20 Sep

Melody of the Stars

By  Robert Walton
(1 Vote)

(Peter Yorke)
Analysed by Robert Walton

One of the most underrated light orchestral composers, arrangers and conductors of the 20th century was unquestionably Peter Yorke. He successfully introduced the element of surprise into his work and in some ways was even more symphonic than George Melachrino. Yorke was a master of the dramatic gesture. A typical example of what I mean is in “Till The Clouds Roll By” selection. Listen to the connecting passage between Who and Ol’ Man River. Talk about putting an instant stamp on your music. No one slept during a Yorke performance, especially live!

His formula probably had its roots in his 1930’s soundtrack work for British films and especially as chief arranger for Louis Levy’s Gaumont British Film Orchestra. The opening of “Blue Skies” (1946) has a suggestion of “James Bond”, showing that Yorke was clearly ahead of his time. Everything he wrote contained constant references to serious music, and how effective it was. Yorke was also an enthusiast and expert of the big finish. Above all he was a ‘mood’ writer in its purest form.

And for those of you familiar with his film selections, you’ll know, unlike Eric Coates for example, he had a natural feel for jazz, having appeared as pianist/arranger with many British dance bands. His brilliant string writing was full of imagination and humour, but the sound most associated with Yorke, (a total antidote to all the drama) were his shimmering, simmering saxophones. Unlike Wilbur Schwartz’s clarinet lead for Glenn Miller’s reed section, Yorke opted for a pure saxes-only subdivision. Lead by golden-toned soprano saxist Freddy Gardner, there’s never been a blend to equal it in all music.
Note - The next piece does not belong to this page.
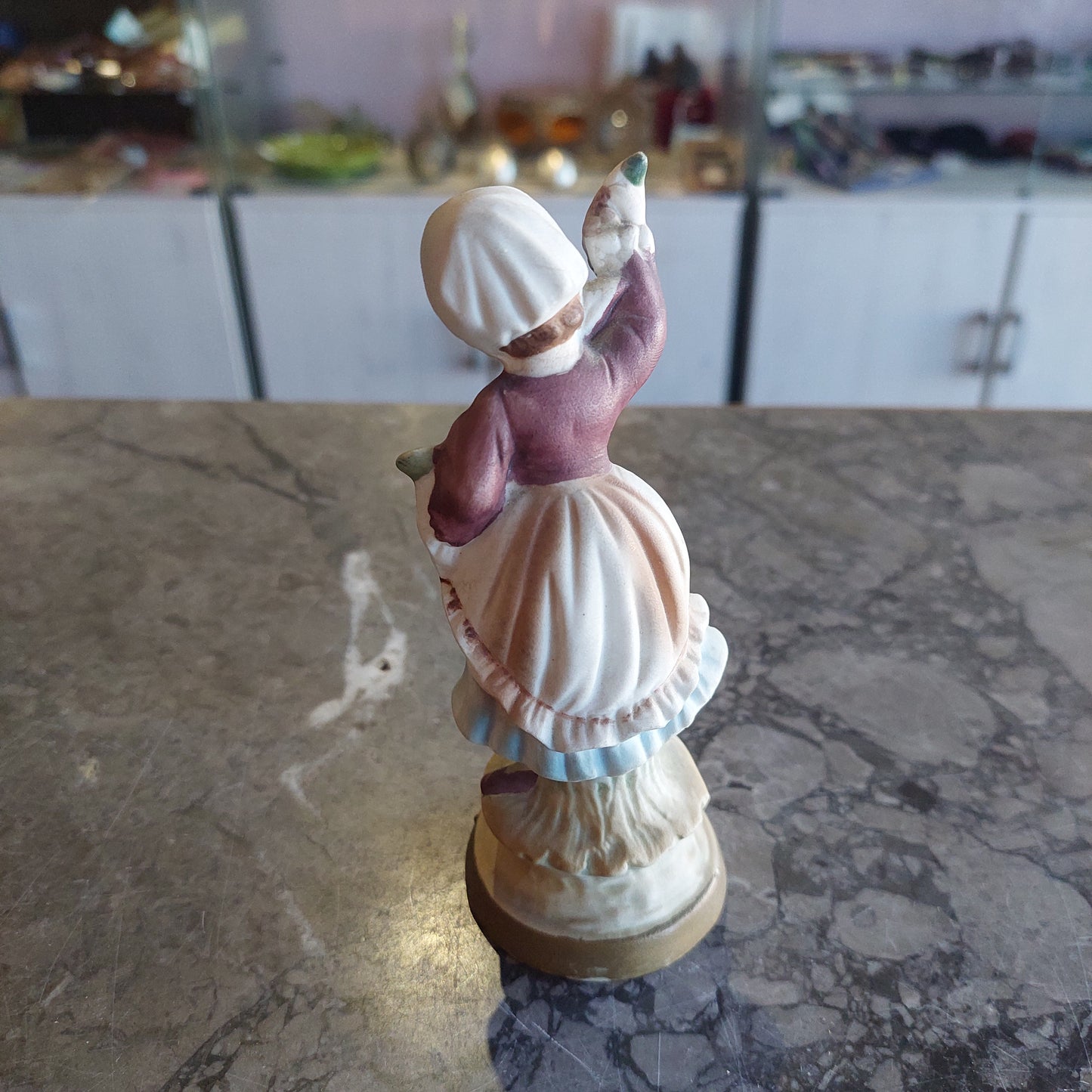 Statuina Fanciulla Con Uva Porcellana St. Capodimonte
Reverberating around the world, it was one of the most unique sounds in the light orchestral firmament.

From a personal point of view, I owe a lot to Peter Yorke’s film selections, because that’s exactly where I first heard some of the great standards which have remained with me ever since. He had a knack of somehow getting under the skin of a tune and treating it with genuine respect. Also his medley format probably acted as a model for both Wally Stott’s selections for Sidney Torch and his symphonic suites for Stanley Black’s Kingsway Promenade Orchestra.

There’s quite a bit of drama too in the real life story of Yorke. I call it a “Tragedy in Triplicate”. Firstly the maestro himself died at the relatively young age of 63. His soloist, alto sax supremo Freddy Gardner passed away at 39, whilst Yorke’s stylish singer Steve Conway with a similar timbre to Al Bowlly, was taken from us far too early at the age of 31. Thank goodness so much wonderful material had already been committed to wax by the talented trio. Gardner’s alto sax solo classic was I Only Have Eyes For You while Conway’s Souvenir de Paris somehow captured the atmosphere of the French capital as never before.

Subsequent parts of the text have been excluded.